Assigned task: Images excluded, reproduce each line of the records exactly as it stands.

Records supplied:
Content starts
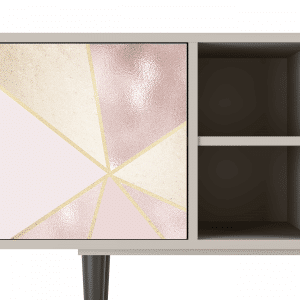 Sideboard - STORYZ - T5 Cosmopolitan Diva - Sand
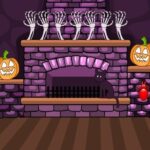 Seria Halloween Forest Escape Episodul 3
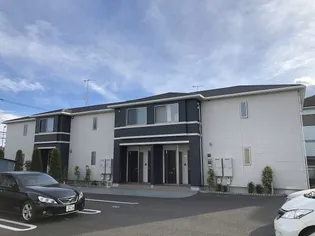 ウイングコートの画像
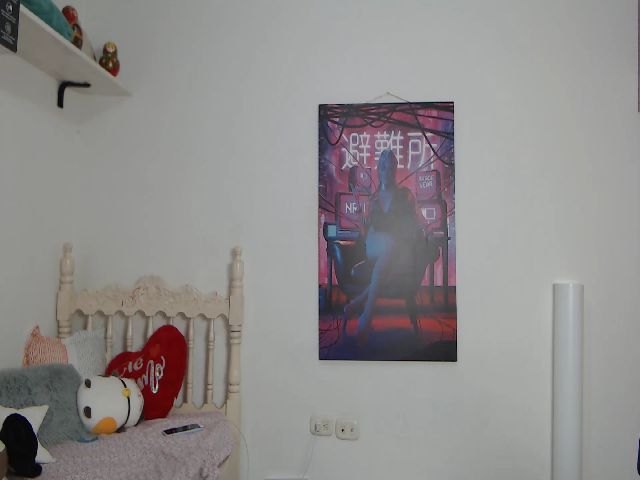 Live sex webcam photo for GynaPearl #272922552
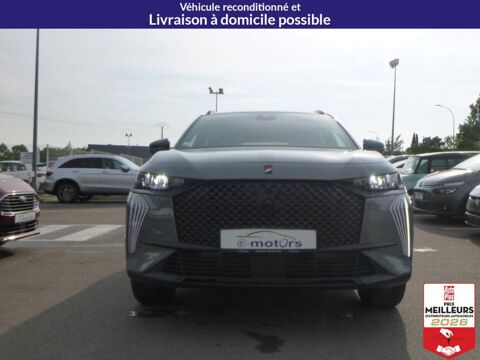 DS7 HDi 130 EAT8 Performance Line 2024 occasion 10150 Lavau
Content ends
Exercise solution:
 Sideboard - STORYZ - T5 Cosmopolitan Diva - Sand
 Seria Halloween Forest Escape Episodul 3
 ウイングコートの画像
 Live sex webcam photo for GynaPearl #272922552
 DS7 HDi 130 EAT8 Performance Line 2024 occasion 10150 Lavau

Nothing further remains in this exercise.